Foto: Foto de Cabrera. Creative Commons BY-NC-SA (cortada). Foto: Foto de Cabrera. Creative Commons BY-NC-SA (cortada).

A legitimidade de uma determinada ordem social repousa na legitimidade de suas dívidas. Mesmo nos tempos antigos isso era assim. Nas culturas tradicionais, a dívida em sentido amplo - presentes a serem retribuídos, lembranças de ajuda prestada, obrigações ainda não cumpridas - era uma cola que mantinha a sociedade unida. Todos de uma vez ou outra deviam algo a outra pessoa. O reembolso da dívida era inseparável do cumprimento das obrigações sociais; isso ressoou com os princípios de justiça e gratidão.

As associações morais de fazer bem as dívidas ainda estão conosco hoje, informando a lógica da austeridade, bem como o código legal. Um bom país, ou uma boa pessoa, deve fazer todos os esforços para pagar dívidas. Consequentemente, se um país como a Jamaica ou a Grécia, ou um município como Baltimore ou Detroit, tiver receitas insuficientes para pagar suas dívidas, é moralmente compelido a privatizar ativos públicos, reduzir pensões e salários, liquidar recursos naturais e cortar serviços públicos pode usar as economias para pagar credores. Essa receita pressupõe a legitimidade de suas dívidas.

Hoje, um florescente movimento de resistência à dívida se baseia na constatação de que muitas dessas dívidas não são justas. Os mais evidentemente injustos são os empréstimos envolvendo práticas ilegais ou enganosas - o tipo que era desenfreado no período que antecedeu a crise financeira da 2008. Desde os juros de balão inflacionários sobre hipotecas, empréstimos feitos deliberadamente a tomadores não qualificados, até produtos financeiros incompreensíveis vendidos a governos locais que eram mantidos ignorantes sobre seus riscos, essas práticas resultaram em bilhões de dólares de custos extras para cidadãos e instituições públicas.
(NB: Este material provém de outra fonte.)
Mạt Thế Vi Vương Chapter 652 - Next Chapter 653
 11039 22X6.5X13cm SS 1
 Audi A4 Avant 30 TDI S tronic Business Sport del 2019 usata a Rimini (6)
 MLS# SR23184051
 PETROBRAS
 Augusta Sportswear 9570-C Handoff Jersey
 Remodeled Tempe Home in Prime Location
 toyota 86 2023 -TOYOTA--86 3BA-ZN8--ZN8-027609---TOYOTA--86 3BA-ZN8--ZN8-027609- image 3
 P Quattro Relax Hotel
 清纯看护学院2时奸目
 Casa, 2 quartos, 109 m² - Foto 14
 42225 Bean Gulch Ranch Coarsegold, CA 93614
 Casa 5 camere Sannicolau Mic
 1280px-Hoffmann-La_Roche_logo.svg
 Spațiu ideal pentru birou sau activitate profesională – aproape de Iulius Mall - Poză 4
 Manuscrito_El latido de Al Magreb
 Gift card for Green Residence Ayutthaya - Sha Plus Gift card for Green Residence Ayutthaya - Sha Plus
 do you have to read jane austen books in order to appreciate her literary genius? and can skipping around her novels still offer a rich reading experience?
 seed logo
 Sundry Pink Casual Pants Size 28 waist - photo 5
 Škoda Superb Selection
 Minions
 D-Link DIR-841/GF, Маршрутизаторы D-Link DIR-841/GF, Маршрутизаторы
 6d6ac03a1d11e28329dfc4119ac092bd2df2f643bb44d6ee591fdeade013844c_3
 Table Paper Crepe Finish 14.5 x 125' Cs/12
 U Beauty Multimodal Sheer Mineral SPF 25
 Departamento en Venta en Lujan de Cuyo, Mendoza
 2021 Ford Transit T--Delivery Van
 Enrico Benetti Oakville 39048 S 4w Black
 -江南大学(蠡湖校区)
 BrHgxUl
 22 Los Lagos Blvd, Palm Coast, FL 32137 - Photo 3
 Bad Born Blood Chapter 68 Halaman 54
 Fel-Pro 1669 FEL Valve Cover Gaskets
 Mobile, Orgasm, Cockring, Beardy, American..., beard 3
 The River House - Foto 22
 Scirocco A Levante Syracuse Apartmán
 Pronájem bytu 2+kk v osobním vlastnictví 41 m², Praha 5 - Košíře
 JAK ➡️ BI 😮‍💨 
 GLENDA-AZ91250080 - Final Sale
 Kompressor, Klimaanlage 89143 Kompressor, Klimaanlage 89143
Um movimento está surgindo para desafiar essas dívidas. Na Europa, a Rede Internacional de Auditoria da Cidadania (ICAN) promove “auditorias da dívida dos cidadãos”, nas quais ativistas examinam os livros de municípios e outras instituições públicas para determinar quais dívidas foram incorridas por meios fraudulentos, injustos ou ilegais. Eles então tentam persuadir o governo ou instituição a contestar ou renegociar essas dívidas. Em Xnumx, cidades na França declararam que se recusariam a pagar parte de suas obrigações de dívida para o banco resgatado Dexia, alegando que suas práticas enganosas resultaram em saltos nas taxas de juros para até 2012 por cento. Enquanto isso, nos Estados Unidos, a cidade de Baltimore entrou com uma ação coletiva para recuperar as perdas incorridas pelo escândalo de fixação de preços da Libor, perdas que podem chegar a bilhões de dólares.

E Libor é apenas a ponta do iceberg. Em uma época de violações financeiras excessivas, quem sabe o que as auditorias dos cidadãos podem revelar? Além disso, num momento em que a lei em si é tão sujeita à manipulação por interesses financeiros, por que a resistência deve ser limitada a dívidas que envolvem violação da lei? Afinal, o acidente com o 2008 resultou de uma profunda corrupção sistêmica, na qual os produtos derivativos "arriscados" se mostraram livres de riscos - não por seus próprios méritos, mas por causa dos resgates do governo e do Federal Reserve que constituíam uma garantia de fato.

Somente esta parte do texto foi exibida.